The AIStandardizer is a component designed to orchestrate the standardization of various file types using specialized AI-driven standardizers. It processes a datasource (which can include individual files or ZIP archives), dispatches files to appropriate AI agents (e.g., AICSVStandardizer, AIXLSXStandardizer), and merges their SDIF outputs into a single, standardized file.

1. Basic Usage

from satif_ai.standardizers.ai import AIStandardizer
from pathlib import Path

# Initialize the standardizer
standardizer = AIStandardizer(
llm_model="gpt-4.1" # Optional: specify the LLM model to use
)

# Define input and output paths
input_files = ["data1.csv", "data2.xlsx"]
output_path = "standardized_output.sdif"

# Execute standardization
result = await standardizer.standardize(
datasource=input_files,
output_path=output_path,
overwrite=True
)

print(f"Standardization complete. Output at: {result.output_path}")

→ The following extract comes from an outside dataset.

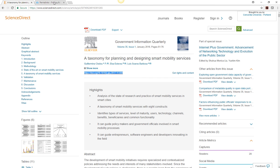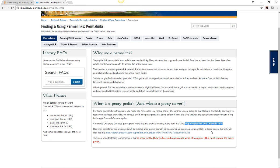Be sure to add the proxy prefix before you use or share the link. You must add the proxy prefix for the link to work off campus.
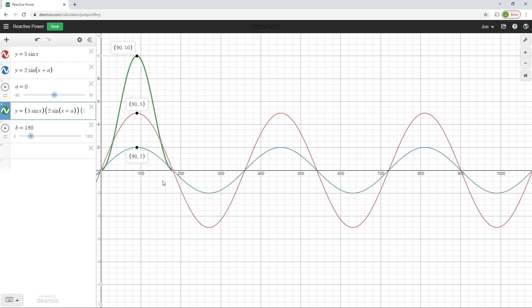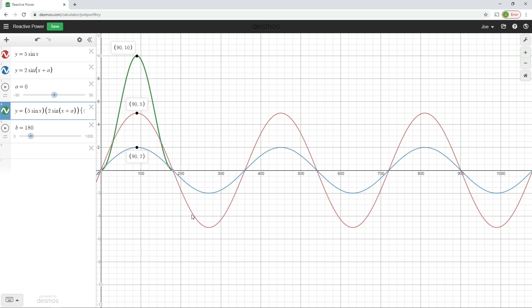What does your intuition tell you is going to happen with our power waveform? You might think it will just follow the same line as the voltage and current and drop below the x-axis. Remember, in an AC circuit when voltage or current goes below the x-axis it simply indicates that the current has changed direction and is going the opposite way around the circuit. However, if our power waveform drops below the x-axis that takes on a completely different meaning — it would indicate that we are putting power back into the system rather than dissipating it.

2. Initialization Parameters

The AIStandardizer accepts several parameters to customize its behavior:

standardizer = AIStandardizer(
llm_model=None, # Optional: Language model identifier (e.g., "gpt-4.1")
sdif_schema=None, # Optional: Schema for SDIF schema enforcement
tidy_adapter=None # Optional: Adapter for data tidying
)
  • llm_model: Identifier for the language model to use for AI standardization
  • sdif_schema: Optional schema definition for SDIF adaptation (as file path or dict)
  • tidy_adapter: Optional adapter for data tidying operations

3. Supported File Types

The AIStandardizer supports various file types through specialized standardizers:

  • CSV files (.csv): Processed by AICSVStandardizer
  • Excel files (.xlsx, .xls, .xlsm): Processed by AIXLSXStandardizer

Support for additional file types can be added by extending the ai_standardizer_map dictionary.

4. Input Types

The standardize method accepts various forms of input datasources:

# Single file path (string or Path)
result = await standardizer.standardize(
datasource="path/to/file.csv",
output_path="output.sdif"
)

# List of file paths
result = await standardizer.standardize(
datasource=["file1.csv", "file2.xlsx"],
output_path="output.sdif"
)

# Directory path (all supported files in the directory will be processed)
result = await standardizer.standardize(
datasource="path/to/directory",
output_path="output.sdif"
)

# ZIP archive (will be extracted and processed)
result = await standardizer.standardize(
datasource="archive.zip",
output_path="output.sdif"
)

5. Standardization Method Parameters

The standardize method accepts the following parameters:

result = await standardizer.standardize(
datasource=input_files, # Required: Input data source(s)
output_path=output_path, # Required: Path for the output SDIF file
overwrite=False, # Optional: Whether to overwrite existing output
config=None # Optional: Configuration options for standardizers
)
  • datasource: Input source data (single file path, list of paths, or directory path)
  • output_path: Path where the standardized SDIF file will be written
  • overwrite: Boolean flag to control whether existing output files should be overwritten
  • config: Optional dictionary with configuration options passed to child standardizers

6. Output

The standardization process returns a StandardizationResult object with:

  • output_path: Path to the generated SDIF file
  • file_configs: Optional configurations for the processed files
result = await standardizer.standardize(...)
print(f"Output SDIF file: {result.output_path}")
if result.file_configs:
print(f"File configurations: {result.file_configs}")

7. Error Handling

The AIStandardizer provides comprehensive error handling:

  • ValueError: Raised for invalid input parameters or empty datasources
  • FileNotFoundError: Raised when input files don't exist
  • FileExistsError: Raised when output exists and overwrite=False
  • RuntimeError: Raised for processing errors during standardization
try:
result = await standardizer.standardize(
datasource=input_files,
output_path=output_path
)
except FileNotFoundError as e:
print(f"Input file not found: {e}")
except ValueError as e:
print(f"Invalid input parameter: {e}")
except RuntimeError as e:
print(f"Processing error: {e}")

8. Extending Supported File Types

To add support for additional file types, extend the ai_standardizer_map dictionary:

from satif_ai.standardizers.ai import AIStandardizer
from my_package.standardizers import AIPDFStandardizer

# Create standardizer with extended support
standardizer = AIStandardizer()
standardizer.ai_standardizer_map[".pdf"] = AIPDFStandardizer

Custom standardizers must inherit from AsyncStandardizer and implement the required interface.